As commonly known, elements of search result lists are usually
arranged according to numerical weighting methods which are used
for evaluating the relative importance of elements that comprise
the list. Usually, each element of a hyperlinked set of documents,
such as the World Wide Web, is weighted for the purpose of
measuring its relative importance within the set. Such methods may
be applied to any collection of entities with reciprocal quotations
and references. An example of such a numerical weighting method is
the PageRank method by Google.TM..
[0113] Preferably, the links that comprise the search result list
503 are arranged not only by their numerical weight, but also by
their prevalence in search result lists, which were generated
according to previous searches comprising one or more of the
keywords, used in generating the search result list 503. Such an
embodiment can be implemented by accessing related records in the
associative memory. As described above, an associative memory such
as the document search-pattern repository preferably comprises
records of documents or document identification marks. Each record
is associated with entries that reflect the prevalence of different
keywords in search queries retrieving the document stored or marked
in the associated record.
[0114] Preferably, the numerical weight of links of the search
result list 503 is determined by matching keywords used in the
search query which is currently submitted by the user with document
records that reflect the prevalence of different keywords in search
queries retrieving the linked document. The higher the prevalence
of the matched keywords in search queries retrieving the linked
document, the higher the given numerical weight.
[0115] In one embodiment of the present invention, the records of
the associative memory are used for identifying similar documents.
As commonly known, some search engines allows users to access
similar pages by clicking on a designated link. When the user
selects the link for a particular result of the result list, the
search engine automatically scouts the Web for pages that are
related to this result. In the present invention, when the user
selects such a link 551 for a particular result of the result list
a related document identification mark is sent to the document
search repository, preferably via the search engine, and similar
documents are scouted based upon related records of the document
search pattern repository are retrieved. For example, the time
stamp of the document record, as described above, may be used to
find similar pages. Documents which are accessed by the same user,
approximately at the same time, can be estimated as similar
documents. The similar documents may be documented offline or
online. The retrieved similar documents can be chosen according to
the information which is documented in the document records. For
example, a common user which is documented in the IP entries, a
common age group, or the combination thereof.

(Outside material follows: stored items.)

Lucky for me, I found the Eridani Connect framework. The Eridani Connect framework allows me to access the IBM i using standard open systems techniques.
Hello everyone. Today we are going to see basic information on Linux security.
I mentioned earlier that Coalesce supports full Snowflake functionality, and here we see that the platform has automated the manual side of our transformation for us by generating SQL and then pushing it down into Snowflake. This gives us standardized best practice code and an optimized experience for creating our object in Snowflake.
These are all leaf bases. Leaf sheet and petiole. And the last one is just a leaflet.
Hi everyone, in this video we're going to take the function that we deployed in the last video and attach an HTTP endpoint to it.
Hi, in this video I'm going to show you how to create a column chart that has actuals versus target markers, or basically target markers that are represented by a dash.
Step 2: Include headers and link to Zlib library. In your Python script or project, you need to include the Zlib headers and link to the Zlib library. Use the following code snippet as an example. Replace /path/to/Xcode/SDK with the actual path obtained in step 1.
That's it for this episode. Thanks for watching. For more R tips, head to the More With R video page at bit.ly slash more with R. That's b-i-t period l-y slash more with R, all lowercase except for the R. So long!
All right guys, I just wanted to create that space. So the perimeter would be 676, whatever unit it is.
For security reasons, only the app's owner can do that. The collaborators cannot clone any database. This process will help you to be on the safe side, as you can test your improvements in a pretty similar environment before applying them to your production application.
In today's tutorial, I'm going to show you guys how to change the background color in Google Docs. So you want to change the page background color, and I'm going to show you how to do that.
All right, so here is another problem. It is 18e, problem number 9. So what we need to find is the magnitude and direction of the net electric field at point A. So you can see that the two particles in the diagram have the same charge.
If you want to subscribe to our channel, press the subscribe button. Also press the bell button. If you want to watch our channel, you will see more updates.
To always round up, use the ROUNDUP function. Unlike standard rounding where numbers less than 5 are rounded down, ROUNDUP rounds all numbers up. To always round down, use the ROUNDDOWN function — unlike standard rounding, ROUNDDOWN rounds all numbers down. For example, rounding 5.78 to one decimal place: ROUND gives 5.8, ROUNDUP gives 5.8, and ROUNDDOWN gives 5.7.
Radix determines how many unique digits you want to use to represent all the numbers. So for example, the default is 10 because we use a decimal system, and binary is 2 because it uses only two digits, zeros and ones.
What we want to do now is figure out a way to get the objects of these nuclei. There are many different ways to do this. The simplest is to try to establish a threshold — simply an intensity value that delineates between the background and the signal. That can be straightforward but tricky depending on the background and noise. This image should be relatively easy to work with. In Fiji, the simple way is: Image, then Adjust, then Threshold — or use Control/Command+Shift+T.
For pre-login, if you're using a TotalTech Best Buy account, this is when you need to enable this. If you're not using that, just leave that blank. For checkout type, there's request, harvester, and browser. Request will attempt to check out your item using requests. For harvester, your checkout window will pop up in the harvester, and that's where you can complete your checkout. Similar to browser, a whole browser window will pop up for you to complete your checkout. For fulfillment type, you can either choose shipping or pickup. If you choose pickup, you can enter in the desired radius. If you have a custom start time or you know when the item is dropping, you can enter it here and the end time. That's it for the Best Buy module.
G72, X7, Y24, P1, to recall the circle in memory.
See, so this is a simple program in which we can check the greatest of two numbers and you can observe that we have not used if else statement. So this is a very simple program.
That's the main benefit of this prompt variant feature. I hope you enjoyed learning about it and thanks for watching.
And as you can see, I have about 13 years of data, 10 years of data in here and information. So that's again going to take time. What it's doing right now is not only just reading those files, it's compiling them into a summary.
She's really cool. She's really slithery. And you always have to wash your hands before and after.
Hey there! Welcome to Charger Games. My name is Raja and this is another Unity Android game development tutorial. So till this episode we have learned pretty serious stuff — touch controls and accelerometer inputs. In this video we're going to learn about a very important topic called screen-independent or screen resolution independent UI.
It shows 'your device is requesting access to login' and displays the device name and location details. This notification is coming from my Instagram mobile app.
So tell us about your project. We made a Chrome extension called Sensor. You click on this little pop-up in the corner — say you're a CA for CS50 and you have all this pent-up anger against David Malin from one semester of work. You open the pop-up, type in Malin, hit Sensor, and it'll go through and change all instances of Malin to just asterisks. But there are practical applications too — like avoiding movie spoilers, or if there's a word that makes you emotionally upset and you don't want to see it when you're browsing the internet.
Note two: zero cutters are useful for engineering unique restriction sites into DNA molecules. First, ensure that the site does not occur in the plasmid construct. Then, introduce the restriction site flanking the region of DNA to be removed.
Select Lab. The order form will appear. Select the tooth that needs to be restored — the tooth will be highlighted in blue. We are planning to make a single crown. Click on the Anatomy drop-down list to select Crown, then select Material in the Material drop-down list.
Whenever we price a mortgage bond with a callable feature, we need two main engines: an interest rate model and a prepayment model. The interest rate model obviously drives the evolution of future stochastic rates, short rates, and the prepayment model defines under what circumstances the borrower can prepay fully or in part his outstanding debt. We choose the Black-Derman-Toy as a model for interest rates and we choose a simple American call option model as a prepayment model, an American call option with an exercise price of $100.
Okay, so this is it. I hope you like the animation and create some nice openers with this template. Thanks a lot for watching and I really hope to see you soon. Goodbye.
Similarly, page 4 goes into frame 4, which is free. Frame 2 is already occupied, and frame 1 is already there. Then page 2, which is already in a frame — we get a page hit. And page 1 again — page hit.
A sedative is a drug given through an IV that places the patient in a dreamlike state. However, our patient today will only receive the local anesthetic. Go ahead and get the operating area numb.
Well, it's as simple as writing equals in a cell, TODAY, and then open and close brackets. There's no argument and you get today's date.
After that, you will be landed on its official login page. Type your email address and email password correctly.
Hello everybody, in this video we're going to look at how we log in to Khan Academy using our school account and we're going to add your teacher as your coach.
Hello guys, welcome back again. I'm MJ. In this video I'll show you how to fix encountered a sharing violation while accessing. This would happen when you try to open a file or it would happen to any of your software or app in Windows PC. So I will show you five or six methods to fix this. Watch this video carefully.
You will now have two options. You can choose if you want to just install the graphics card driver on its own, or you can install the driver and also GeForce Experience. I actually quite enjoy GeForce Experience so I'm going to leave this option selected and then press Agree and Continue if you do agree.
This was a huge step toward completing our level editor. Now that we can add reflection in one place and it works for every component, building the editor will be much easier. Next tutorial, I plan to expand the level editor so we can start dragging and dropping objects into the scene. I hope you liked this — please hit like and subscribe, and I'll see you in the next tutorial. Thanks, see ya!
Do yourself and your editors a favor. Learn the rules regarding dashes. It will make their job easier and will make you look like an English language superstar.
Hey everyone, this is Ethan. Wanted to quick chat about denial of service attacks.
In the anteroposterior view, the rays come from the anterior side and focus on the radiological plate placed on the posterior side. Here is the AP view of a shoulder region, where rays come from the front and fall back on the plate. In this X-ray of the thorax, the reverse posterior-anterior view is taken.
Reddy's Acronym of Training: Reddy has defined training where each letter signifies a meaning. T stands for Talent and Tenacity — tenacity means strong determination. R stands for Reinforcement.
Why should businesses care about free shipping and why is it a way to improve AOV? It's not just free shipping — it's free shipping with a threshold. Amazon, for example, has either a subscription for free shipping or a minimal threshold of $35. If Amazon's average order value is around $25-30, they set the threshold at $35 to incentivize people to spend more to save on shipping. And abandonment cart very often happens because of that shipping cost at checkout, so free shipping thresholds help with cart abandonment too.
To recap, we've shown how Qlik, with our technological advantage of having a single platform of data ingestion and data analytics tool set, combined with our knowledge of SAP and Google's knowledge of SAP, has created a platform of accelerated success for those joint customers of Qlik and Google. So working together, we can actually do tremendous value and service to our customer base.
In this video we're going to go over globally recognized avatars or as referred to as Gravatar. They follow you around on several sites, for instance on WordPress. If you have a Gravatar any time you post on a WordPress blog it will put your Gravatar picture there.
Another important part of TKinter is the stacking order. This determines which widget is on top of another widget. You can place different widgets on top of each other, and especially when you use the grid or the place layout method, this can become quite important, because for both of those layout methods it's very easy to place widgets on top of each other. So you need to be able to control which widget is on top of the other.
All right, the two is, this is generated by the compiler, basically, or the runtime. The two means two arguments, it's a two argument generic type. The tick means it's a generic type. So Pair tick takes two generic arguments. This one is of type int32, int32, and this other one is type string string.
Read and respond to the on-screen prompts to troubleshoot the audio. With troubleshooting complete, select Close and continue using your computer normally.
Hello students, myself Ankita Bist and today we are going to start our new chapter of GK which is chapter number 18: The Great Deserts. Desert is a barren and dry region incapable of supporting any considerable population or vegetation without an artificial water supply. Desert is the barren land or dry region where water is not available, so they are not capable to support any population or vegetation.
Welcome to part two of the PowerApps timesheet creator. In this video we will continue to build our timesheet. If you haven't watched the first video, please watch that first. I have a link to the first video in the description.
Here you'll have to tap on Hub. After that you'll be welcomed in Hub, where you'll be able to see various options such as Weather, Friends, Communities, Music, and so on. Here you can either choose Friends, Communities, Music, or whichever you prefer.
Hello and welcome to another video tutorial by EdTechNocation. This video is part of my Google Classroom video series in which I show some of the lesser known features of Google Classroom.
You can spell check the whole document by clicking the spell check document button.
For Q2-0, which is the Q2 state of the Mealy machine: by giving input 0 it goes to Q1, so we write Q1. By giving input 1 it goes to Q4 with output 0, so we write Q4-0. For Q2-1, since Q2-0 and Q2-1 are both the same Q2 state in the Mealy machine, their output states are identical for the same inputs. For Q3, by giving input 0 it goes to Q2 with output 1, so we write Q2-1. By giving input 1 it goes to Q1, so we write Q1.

[0116] As described above, user applications may be used for
accessing the associative memory, which is part of the keyword
managing unit, for downloading related records, as described above.
Such ability allows the users to use the information stored in the
associative memory to refine their searches. For example, in FIG.
5A, a list of keywords, which is associated with a document of a
search result list, is downloaded and presented in parallel to the
list itself. The ability to download records from the document
search-pattern repository may be used to receive information
regarding documents in other applications.
[0117] As described above, the pop-up window 505 is configured to
display a list of keywords according to their usage in previous
searches that retrieved the related document. The list of keywords
indicates the prevalence of each one of the list's keywords in
previous searches. In one preferred embodiment, the pop-up window
505 is configured to display a list of keywords which is a
conjunction of two or more lists of keywords which are each
associated with different documents. In such an embodiment the user
can chose two or more retrieved document from the search result
list 503. The keyword managing unit receives two or more respective
document identification marks and generates for each one of them a
list of keywords, as described above. Than the keyword managing
unit chooses keywords with the highest number of occurrences in the
sum of the occurrences from each one of the two lists of keywords.
In another embodiment of the present invention, this process is
done automatically as a list of keywords which is a conjunction of
two or more lists of keywords is produced for a predefined number
of documents in each search result list. For example, such a list
of keywords may be automatically produced for the portion of the
search result list which is currently displayed on the screen.
[0118] In another preferred embodiment the list of keywords is
displayed in a diagram such as a graph or a chart. The diagram may
be used for displaying a series of points or lines to demonstrate a
connection between two or more attributes. For example, as depicted
in FIG. 5C, the diagram 550 is used for depicting the usage in
keywords for retrieving the related document, which is pointed by
the mouse pointer 504, in different time intervals. The information
which is depicted in the graph can be deduced from analyzing the
records of the document search-pattern repository.
[0119] In another embodiment of the present invention, the keyword
managing unit allows users to refine their searches using keywords
which have been used by a certain user or group of users which are,
preferably, from a common location or part of the same department.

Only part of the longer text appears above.